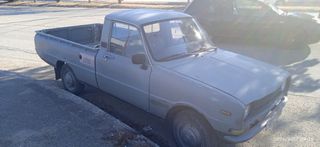 Mazda B 2500 1990 1200-thumb-3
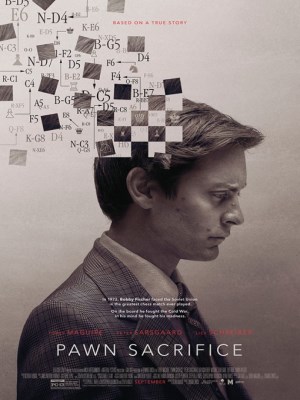 Xem phim Pawn Sacrifice
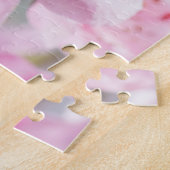 Voorjaarsbloei Legpuzzel (Zijkant)
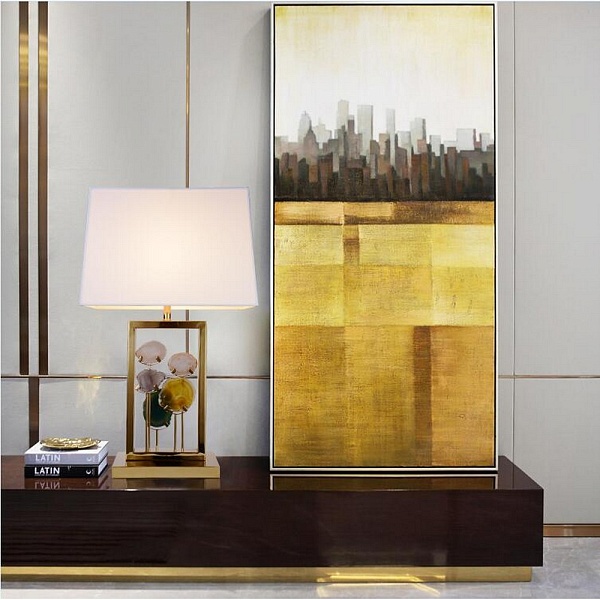 Настольная лампа DELIGHT COLLECTION TABLE LAMP BRTL3050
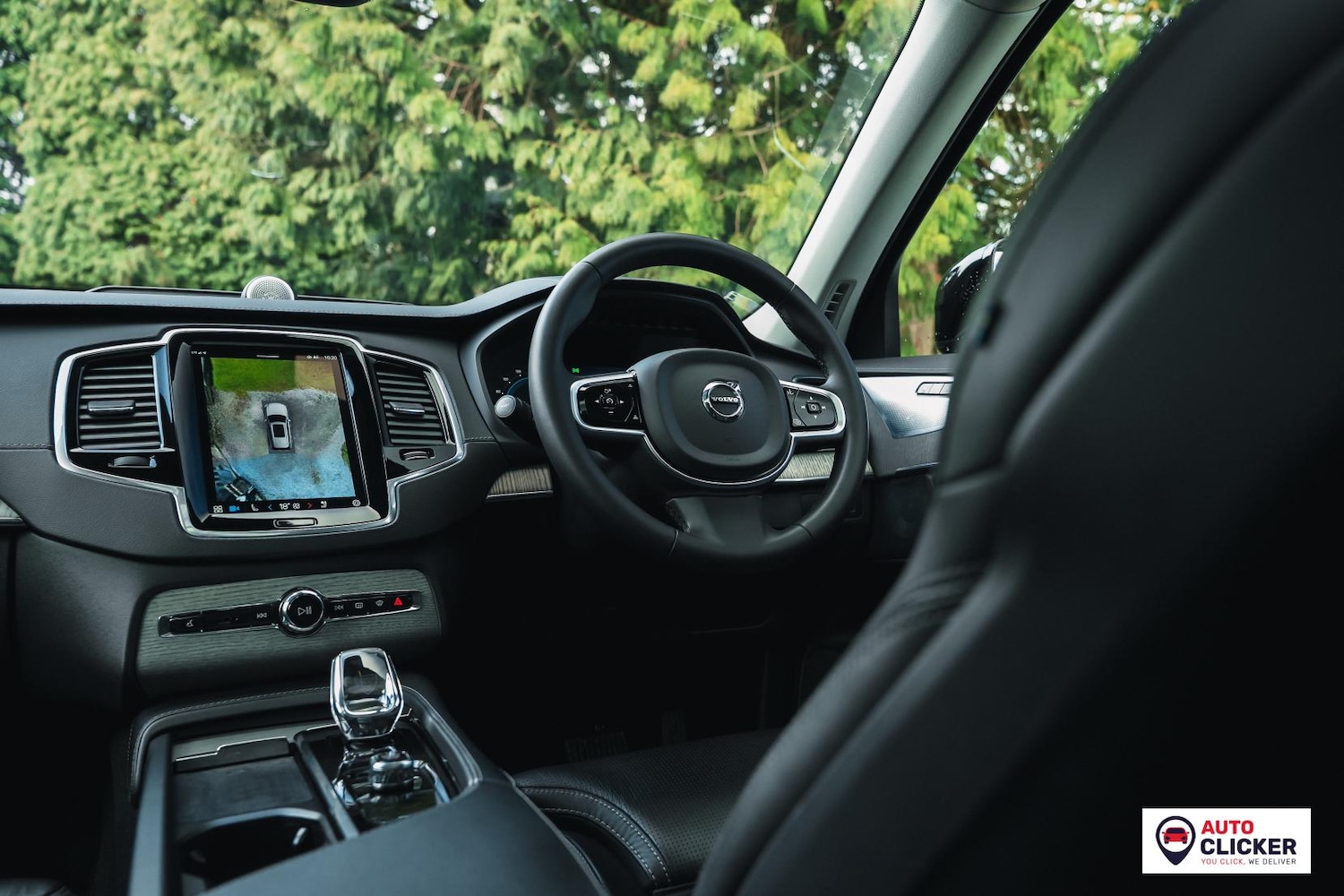 Used Volvo XC90 2022 for sale - 77270958: Photo 64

......

A faithful, word-for-word version of the records above is needed, with no images in it.

 Mazda B 2500 1990 1200-thumb-3
 Xem phim Pawn Sacrifice
 Voorjaarsbloei Legpuzzel (Zijkant)
 Настольная лампа DELIGHT COLLECTION TABLE LAMP BRTL3050
 Used Volvo XC90 2022 for sale - 77270958: Photo 64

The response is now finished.